Quiero decir que soy,
prácticamente, un psicópata de las librerías, de las que me gusta incluso el
olor; hasta el punto de que, cuando estoy en países de cuya lengua no entiendo
un carajo, me meto en ellas para tocar los libros, mirar las cubiertas, la
encuadernación y lo demás.
Toda esta introducción, o proemio, viene al hilo para
decirles que tengo cierta idea de qué es un libro. No ya por lo que tiene
dentro, que en eso Dios reconoce a los suyos, sino por el libro en sí. Por sus
características físicas. Ando entre libros desde que tengo memoria, pues tuve
la suerte de crecer entre los estantes de un par de buenas bibliotecas
familiares, y durante toda mi vida procuré, también, rodearme de libros. En
ellos confío precisamente, a medida que me hago mayor, para atrincherarme
cuando todo, al fin, acabe de irse al carajo y me encierre, en esa biblioteca
que he ido preparando durante toda mi vida, con música de tango, bolero y copla
en el aparato, unas cuantas botellas de Juan Gil y una escopeta de postas del
calibre doce, mientras las respetables matronas corren desoladas, los imbéciles
se preguntan cómo ha podido ocurrir esto, y los bárbaros, como es su vigorosa
obligación histórica, saquean la Roma que amo y conozco.
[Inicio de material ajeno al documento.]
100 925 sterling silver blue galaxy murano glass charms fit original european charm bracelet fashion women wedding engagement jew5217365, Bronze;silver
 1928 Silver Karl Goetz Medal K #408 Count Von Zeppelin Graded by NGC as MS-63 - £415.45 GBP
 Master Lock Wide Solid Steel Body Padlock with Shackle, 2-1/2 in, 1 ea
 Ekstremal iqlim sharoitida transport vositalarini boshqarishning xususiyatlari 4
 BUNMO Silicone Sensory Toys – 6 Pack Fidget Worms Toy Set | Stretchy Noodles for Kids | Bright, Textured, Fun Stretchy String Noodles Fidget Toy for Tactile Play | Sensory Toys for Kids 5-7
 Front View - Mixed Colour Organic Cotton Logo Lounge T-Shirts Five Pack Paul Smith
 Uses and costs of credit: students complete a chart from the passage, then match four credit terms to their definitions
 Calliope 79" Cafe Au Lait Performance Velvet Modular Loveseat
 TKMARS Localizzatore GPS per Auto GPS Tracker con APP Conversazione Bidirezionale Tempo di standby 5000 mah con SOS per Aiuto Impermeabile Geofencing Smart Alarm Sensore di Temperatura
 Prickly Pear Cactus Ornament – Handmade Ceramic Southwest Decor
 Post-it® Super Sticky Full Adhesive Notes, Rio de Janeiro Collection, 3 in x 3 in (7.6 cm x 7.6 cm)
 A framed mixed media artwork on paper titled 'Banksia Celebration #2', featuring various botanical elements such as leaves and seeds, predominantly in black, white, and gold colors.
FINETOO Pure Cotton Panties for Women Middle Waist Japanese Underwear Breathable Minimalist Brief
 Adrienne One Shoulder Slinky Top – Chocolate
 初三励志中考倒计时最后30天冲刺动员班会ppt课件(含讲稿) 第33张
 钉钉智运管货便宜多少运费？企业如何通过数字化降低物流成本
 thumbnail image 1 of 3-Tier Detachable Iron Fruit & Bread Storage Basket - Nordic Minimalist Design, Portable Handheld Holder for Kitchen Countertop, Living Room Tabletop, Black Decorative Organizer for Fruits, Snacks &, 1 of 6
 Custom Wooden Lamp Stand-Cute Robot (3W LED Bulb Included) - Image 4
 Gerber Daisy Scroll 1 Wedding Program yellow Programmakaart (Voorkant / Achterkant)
Dicho todo lo anterior, ya estoy en condiciones de contarles
que el otro día iba a comprar una biografía de Virginia Woolf publicada por
Taurus. Le eché mano, encantado con el grueso tamaño del volumen -920 páginas-,
miré el canto del lomo, como cada vez que cojo un libro, y mi exclamación
indignada hizo levantar la cabeza al librero Antonio Méndez. «Estos
sinvergüenzas -le dije, estupefacto- han guillotinado el lomo». Antonio se
encogió de hombros, como quien ha visto de todo, y yo arrojé, despectivo, el
libro al lugar donde estaba. Porque un lomo guillotinado y encolado, señoras y
señores, puede tolerarse en una novela de edición barata, en un libro de usar y
tirar; pero nunca en un ejemplar que deseas leer, conservar y consultar, pues
el pegamento termina estropeándose, y la misma acción de abrir el libro y pasar
páginas termina desencolando éstas. El pretexto, ahora, es que las colas son
mejores que antes y sujetan mejor; pero eso es mentira, o no tiene nada que
ver. Un libro debe ser un libro de verdad, con cuadernillos cosidos, resistente
y bien hecho. Lo que pasa es que un libro de lomo cortado y encolado sale más
barato para el editor que otro de cuadernillos cosidos y encuadernados como es
debido, y permite ahorrar, en gastos de producción, un miserable medio euro que
aumentará el beneficio editorial sobre el precio del libro. O más, cuando el
libro es gordo. Y como ahora todos buscan ganar lo mismo, pero gastando menos,
resulta que, con el pretexto de la crisis, cada vez hay más libros
encuadernados con ese sistema miserable. Algunos de Taurus, Cátedra y Seix
Barral, por ejemplo, son de juzgado de guardia, y hasta algunos que se editan
para la Real Academia caen en eso. Paradójicamente, los libros más gruesos. Los
que mejor encuadernados deberían estar.
Así que voy a pedirles algo, señoras y señores, si aman los
libros o aman a quienes los aman: niéguense a comprar libros importantes si
están editados de esa forma infame. Si los volúmenes no tienen sus cuadernillos
cosidos y encuadernados como debe ser. Niéguense a ser cómplices de editores
sin decoro; de tenderos miserables -pues también hay tenderos decentes-, sin
cariño por los libros que editan, sin respeto por quienes los leen. Niéguense a
cooperar con esas ratas de almacén cuyos infames lomos guillotinados son una
desatención hacia el lector, y un insulto para quienes aman los libros como
objeto a cuidar y conservar. Unos libros que debemos exigir se editen dignos,
hermosos, duraderos en lo razonable. Que puedan acompañarnos el resto de
nuestra vida y luego pasen a manos de amigos, hijos o nietos, con las huellas
de nuestras lecturas y el rumor lejano de nuestras vidas.